Accomplishments that we're proud of

We built true edge AI. This isn't a laptop running inference and calling it "edge" — the model runs directly on the Qualcomm processor, and the device works completely offline. Unplug the ethernet, turn off WiFi, and it still protects. We designed for privacy from day one. Zero video uploads, zero cloud dependencies. The architecture makes it impossible for video to leave the device, not just a policy that says we won't. We actually used both processors on the UNO Q for their intended purposes. A lot of projects just run Arduino sketches on the MCU and ignore the MPU, or run everything on Linux and ignore the MCU. We coordinated both: ML inference on the brain, real-time control on the reflexes. The physical button matters more than it might seem. If our software crashes, if the network goes down, if anything goes wrong, grandma can still press a button and make the buzzer stop. Safety shouldn't depend on WiFi. And our model hit 93% accuracy, which we're genuinely proud of given the time constraints and the messiness of real-world fall data.

What we learned

Development — Working with the UNO Q taught us how to coordinate between a Linux application processor and a real-time microcontroller. The RouterBridge abstraction is powerful but has its own learning curve. Edge ML Deployment — Training a model is one thing; deploying it on constrained hardware is another. Edge Impulse's optimization pipeline was crucial for getting acceptable performance on the QRB2210. Privacy-First Architecture — Designing for privacy from the start is much easier than adding it later. Every architectural decision we made considered: "what data leaves the device?" Hardware-Software Co-Design — The physical button, buzzer, and LED matrix aren't afterthoughts — they're core safety features. Software fails; hardware provides a fallback.

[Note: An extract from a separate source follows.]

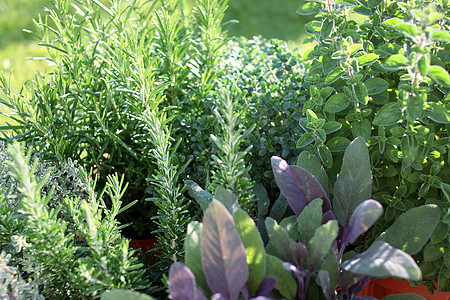小型草药花园生长百里香迷迭香后院前院栽培食物香料草本植物韭菜花图片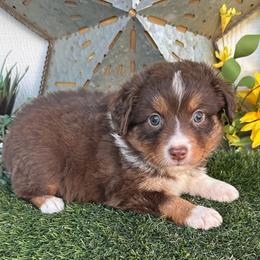 Topaz - Red tri male Toy Australian Shepherd puppy in Granbury, Texas from Texas Miniature Aussies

What's next for UnderWatch

UnderWatch 2? We want to improve the tracking system by extracting actual bounding box coordinates from the model, rather than estimating position from classification confidence. This would let the servo tracking follow the person more precisely. Adding two-way audio would let family members talk to the elder during Stage 2, potentially calming them down and preventing unnecessary emergency calls. Longer term, we're interested in analyzing movement patterns over time to detect gradual mobility decline, catching problems before they become falls. And we plan to open-source everything so other families can build their own privacy-respecting monitoring systems without paying subscription fees.